Early H.I.V. Therapy Sharply Curbs Transmission

Published: May 12, 2011
People infected with the virus that causes AIDS are far less likely to infect their sexual partners if they are put on treatment immediately instead of waiting until their immune systems begin to deteriorate, according to preliminary results from a large clinical trial released Thursday.
Patients with H.I.V. were 96 percent less likely to pass on the infection if they were taking antiretroviral drugs — a finding that is so overwhelming that it is likely to change the way American AIDS doctors treat patients and what treatment policies are adopted by the World Health Organization and other countries, said Dr. Anthony S. Fauci, head of the National Institute of Allergy and Infectious Diseases, which paid for the trial.
The data was so convincing that the trial, scheduled to last until 2015, is effectively being ended early.
There have been previous studies, notably among drug abusers in San Francisco and Vancouver, British Columbia, that concluded that starting patients on drugs immediately would stop them from infecting others.
Those studies led Unaids, the United Nations AIDS-fighting agency, to adopt “test and treat” as its goal last year; the policy encourages doctors to start people on treatment as soon as they test positive for H.I.V. However, this is the first evidence from a randomized clinical trial, the gold standard in medical research.

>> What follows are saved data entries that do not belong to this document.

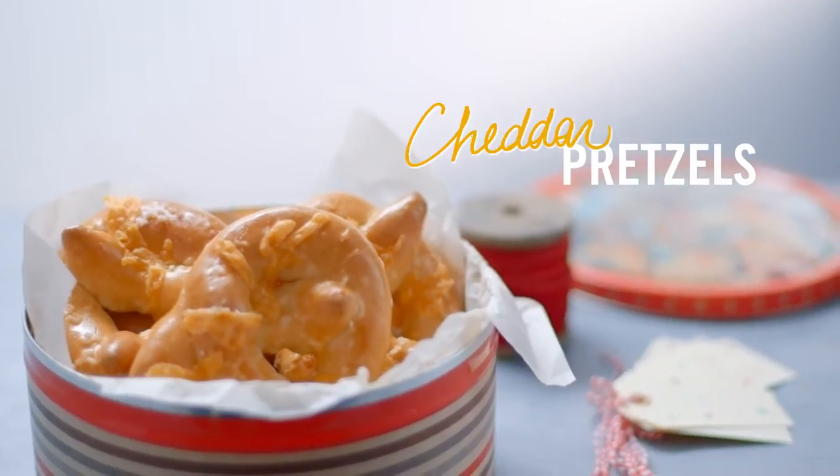Soft, chewy, and full of great Canadian cheddar, these pretzels are delicious hot or cold.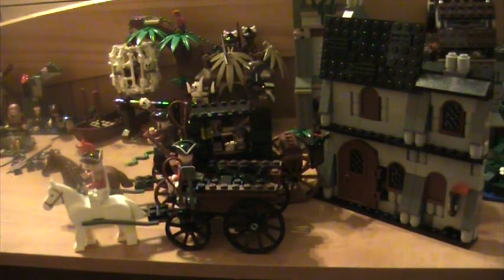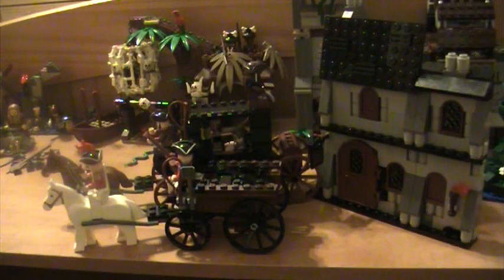Hey guys, this is Legoman123459876 here. I'm going to be doing a review of the Lego Pirates of the Caribbean set On Stranger Tides - the London Escape, as promised in my other review of the mill. Go check it out. It is ages 7 through 14, set number 4193, and it is 463 pieces.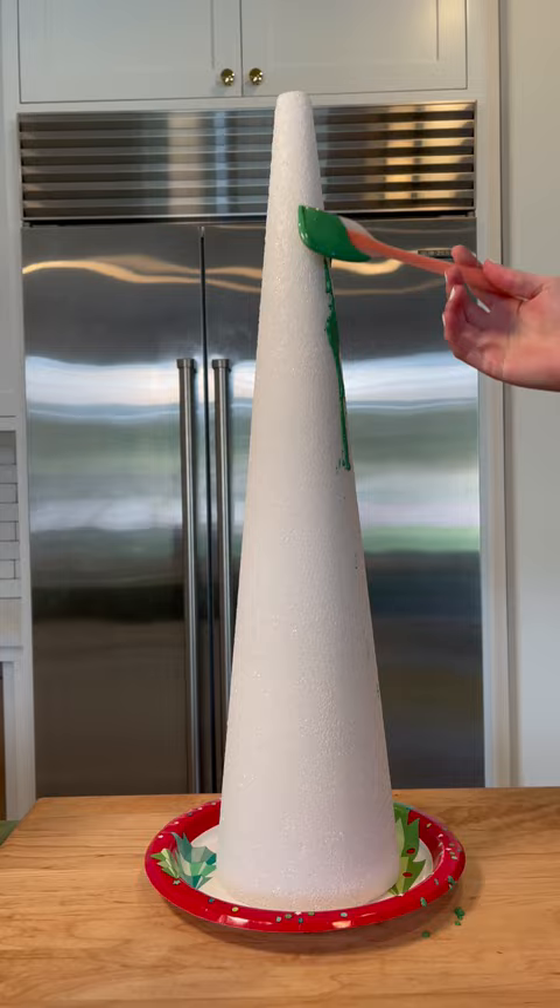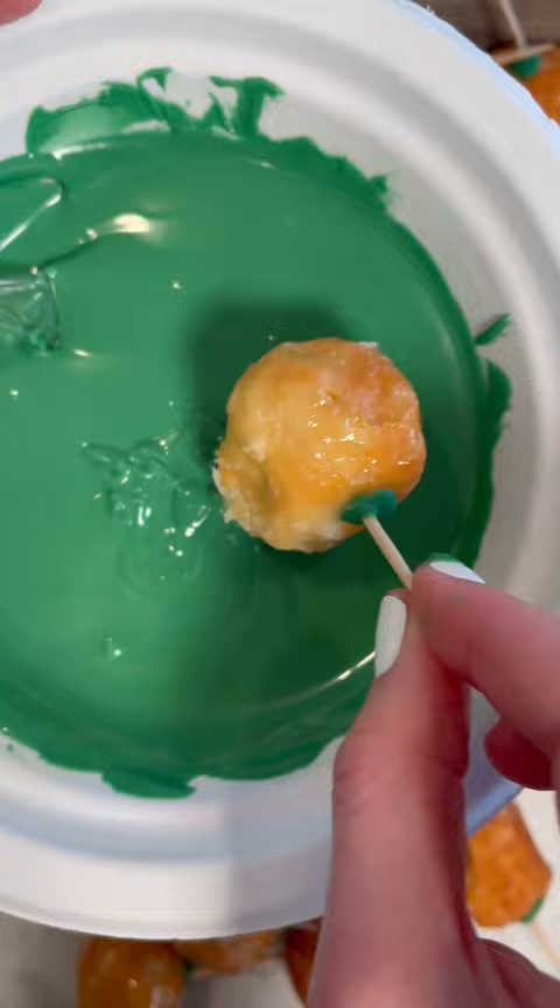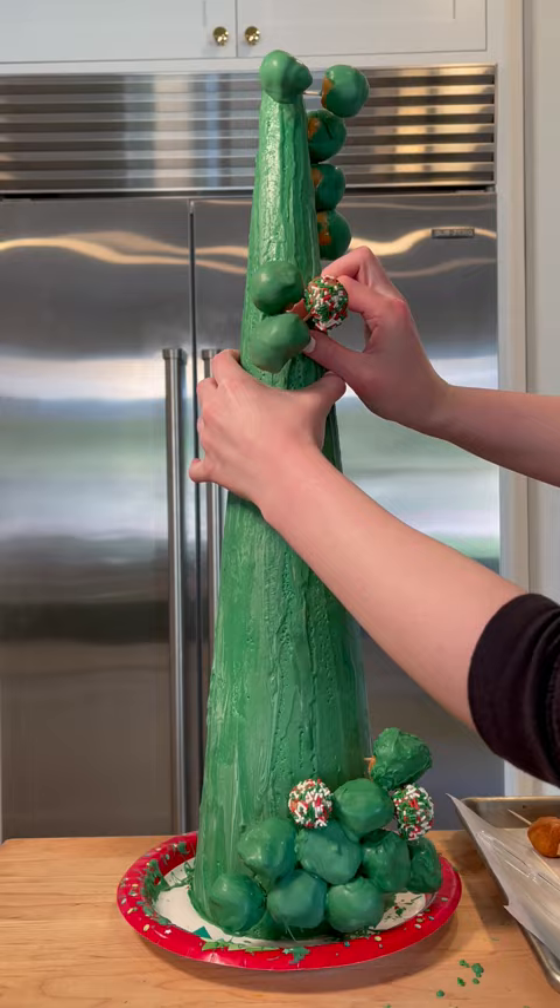While they were freezing, I took melted candy melts and put that all over the styrofoam cone for a nice solid background. When the donut holes were ready, I dipped them in the melted candy melts and then started to put them all over the cone to make a donut tree.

AIDS prevention specialists not connected to the trial were enthusiastic.
“These results are phenomenal,” said Thomas J. Coates, director of the global health program at the University of California, Los Angeles, and the founder of the Center for AIDS Prevention Studies in San Francisco. “It was a tough study to do, and I’m thrilled it came out this way.”
Dr. Julio Montaner, an AIDS specialist at the University of British Columbia whose work among Vancouver heroin addicts helped lead to the Unaids policy, called the result of 96 percent protection “as good as it gets.”
“This is consistent with what we’ve been saying and doing in British Columbia for close to a decade,” he said. “How much more evidence do we need before we implement what we know works?”
The $73 million trial, known as HPTN 052, involved 1,763 couples in 13 cities on four continents. One member of each couple was infected with H.I.V.; the other was not. In half the couples, chosen at random, the infected partner was put on antiretroviral drugs as soon as he or she tested positive for the virus.
In the other half, the infected person started treatment only when his or her CD4 count — a measure of the immune system’s strength — dropped below 250 per cubic millimeter.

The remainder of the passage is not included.